By next year, the nation’s debt burden will exceed the size of its entire annual economic output.
Mark Meadows, the fiscally hawkish White House chief of staff who with Treasury Secretary Steven Mnuchin has led negotiations with Democrats, said state and local governments were short only $275 billion, and said that loosening rules on a previously allocated $150 billion and adding another $150 billion would suffice.
"The Speaker is still at $915 billion, which is just not a number that's based on reality, and certainly not a number that's based on lost revenues for state and local governments," he told CNBC this week.
But Democrats dismiss the GOP figure out of hand.
They note that 75 percent of the previously allocated funds have already been spent or allocated, and say states face much larger gaps.
The CBPP estimates that through 2022, states alone would need $555 billion. Democrats say that local governments need another $345 billion on top of that.
“The White House and Senate Republicans have made clear that they still do not comprehend the scale of this disaster or the urgent needs of our communities and the American people,” Pelosi said Friday.
“House Democrats have come to the negotiating table willing to compromise, and we will continue reaching out until we achieve a fair agreement that meets the needs of all Americans,” she added.
An agreement between Pelosi and Mnuchin to pass a clean spending bill to avoid a shutdown has eased nerves that the measure might be tied to the COVID-19 bill, whose fate remains uncertain.
Stan Veuger, a resident scholar at the right-leaning American Enterprise Institute, said some of the higher estimates are overblown.
“I think the Democratic number is just way high,” he said.
For one, the estimates have not incorporated recent data showing the economy recovering at a faster pace than once expected.
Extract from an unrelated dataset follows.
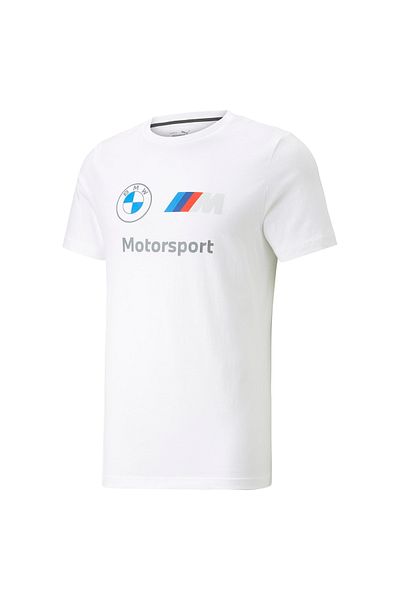 Puma Ανδρικό μπλουζάκι με λογότυπο Bmw Mms Ess 53814802   Λευκό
Unemployment in August fell to 8.4 percent, though it had been predicted to remain in double digits through the end of the year.
Veuger also said that states have amassed a combined $75 billion in rainy day funds that should be used, and that the federal government has already stepped in with $50 billion in matching Medicaid funds over four years.
A major question is the timeline of support. The CBPP puts state revenue losses for the current fiscal year at $290 billion. A potential path forward could be to deal with the coming year first instead of worrying about a longer timeline.
“Given how uncertain everything is, I don’t think we have to plan that far ahead. I would say do the coming year first,” Veuger said.
But he conceded that there is more risk in underfunding state and local governments and potentially hampering the economic recovery than overspending, which would add to the debt imperceptibly.